In 2015, under criticism from her fellow lawyers, the Swedish prosecutor, Marianne Ny, changed her mind and agreed to interrogate Assange in the Ecuadorian embassy in London. The interrogation lasted from 2016 until 2017. It involved the British police, Swedish prosecutors, and Ecuadorian officials, and the transcripts of its sessions were published online. By this time, the Swedish statute of limitations had expired on the less serious allegations against Assange. The interrogation was about the “lesser-degree rape,” whose statute of limitations is due to expire in 2020.
In 2016, during the U.S. presidential election campaign, Assange personally attacked the Democratic nominee, Hillary Clinton, on the WikiLeaks website: “I have had years of experience in dealing with Hillary Clinton and have read thousands of her cables,“ he wrote. “Hillary lacks judgment and will push the United States into endless, stupid wars which spread terrorism […] she certainly should not become president of the United States.”
Julian Assange’s attacks contributed to Hillary Clinton’s election loss. Following the Republican National Convention, during an interview by Amy Goodman, Assange said that choosing between Hillary Clinton and Donald Trump is like “choosing between cholera or gonorrhea.” He added, “Personally, I would prefer neither.” The WikiLeaks editor, Sarah Harrison, has stated that the website was not choosing which damaging publications to release, but rather releasing all the information that is available to them.

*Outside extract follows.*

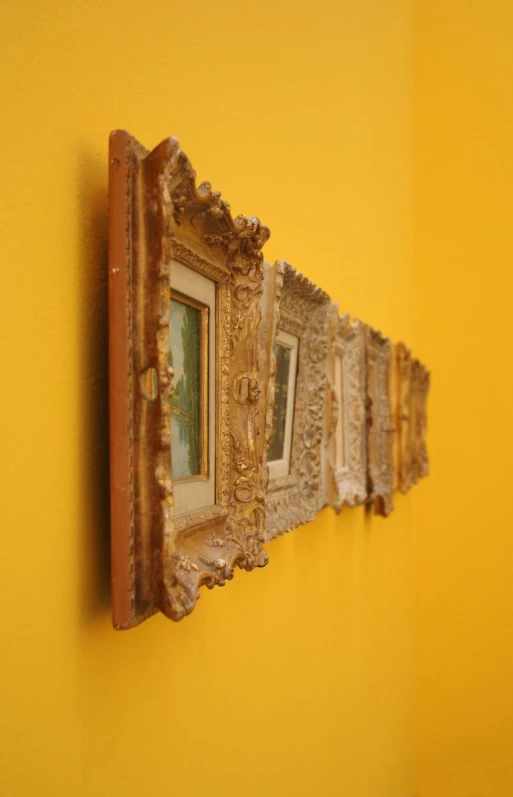 two wall hangings with some gold frames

In 2017 the Swedish authorities dropped their sex-crimes investigation of Assange, claiming that the Ecuadorian embassy in London did not communicate reliably with Assange about their case. Mike Pompeo,[xxvi] the director of the U.S. Central Intelligence Agency (later Donald’s Trump’s State Secretary), formally classified Wikileaks as “a nonstate hostile intelligence service” and a threat to U.S. national security.”[xxvii] Realizing the utility of her efforts, the Swedish prosecutor, Marianne Ny, revoked Assange’s arrest warrant but said that his investigation could still be resumed if he visited Sweden before August 2020.
Martyrdom as Self-Destruction
In late January 2019 Assange’s WikiLeaks published a secret Vatican document showing the pope’s personal involvement in the power struggles among the Catholic Church’s cardinals.[xxviii] Pope Francis appealed to Ecuador’s president, Lenín Moreno,[xxix] and Ecuador’s population was mostly Roman Catholic. Assange seemed to be in a bad mental state. He had allegedly soiled the walls of the embassy with feces.

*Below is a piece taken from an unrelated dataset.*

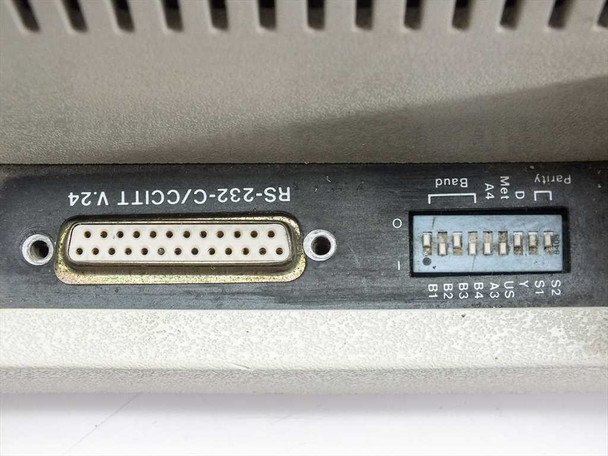 IBM 7372 rear interface panel — RS-232-C/CCITT V.24 DB-25 connector and DIP switch bank for baud rate, parity, and paper size configuration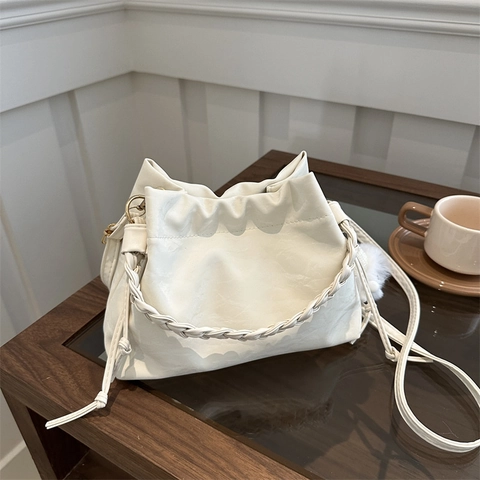 Sac Seau Bandoulière Femme Cuir PU Plissé Poignée Tressée Cordon De Serrage Avec Breloque En Peluche Élégant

This was the straw that broke the proverbial camel’s back. After almost seven years of harboring Assange in their London embassy, the Ecuadorians evicted Assange from it. President Moreno posted a video on Twitter declaring that Assange had repeatedly “violated the provisions of the conventions on diplomatic asylum of Havana and Caracas, despite the fact that he was requested on several occasions to respect and abide by these rules, particularly the norm of not intervening in the internal affairs of other states.”[xxx]
A white-haired, white-bearded, distraught Assange was dragged from the embassy by British police and arrested under a U.S. extradition warrant. He could be extradited to the U.S. to stand trial on charges of conspiracy, theft of government property and violating the U.S. Espionage Act.[xxxi] Assange could also be extradited to Sweden to face charges of rape.

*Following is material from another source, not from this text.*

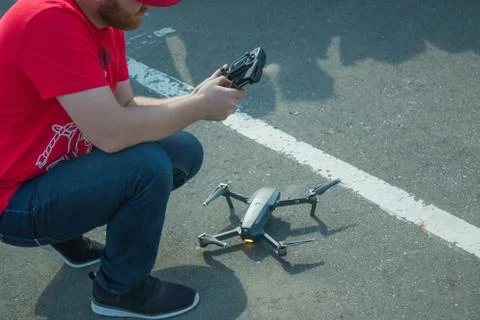 Guy starts a quadrocopter with an asphalt surface Stock Photos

Assange’s lawyers, the British Liam Walker, the Australian Jennifer Robinson and the American Barry Pollack, announced that he would fight his extradition in the British courts, but the chances of his success were slim. The British judge Julian was brought before, District Judge Michael Snow, angrily accused Assange of taking advantage of the journalists in the courtroom to accuse previous British judges of so-called “bias”against him.
Assange had previously accused another British judge, Chief Magistrate Emma Arbuthnot, of lack of impartiality, and his lawyer, Liam Walker, claimed that Assange had been “subjected to a tribunal clearly biased” against him. A clearly-angry Judge Snow told Walker that it was unacceptable for him to air that claim in front of a “packed press gallery.”
The judge told Walker that it was grossly unfair of him to drag Ms. Arbuthnot’s reputation in front of the press “when you should have challenged it yourself [in Judge Arbuthnot’s court]. He (Mr Assange) has chosen to make accusations about a senior judge not having the courage for cross examination.” The judge described Mr Assange as displaying the “behaviour of a narcissist”, and called his behaviour “shameful,” adding “I therefore have no hesitation to find Mr Assange guilty.”
Julian’s compulsion to expose the secrets and lies of his parents, symbolized in his unconscious mind by the authority figures of the political world, was his undoing.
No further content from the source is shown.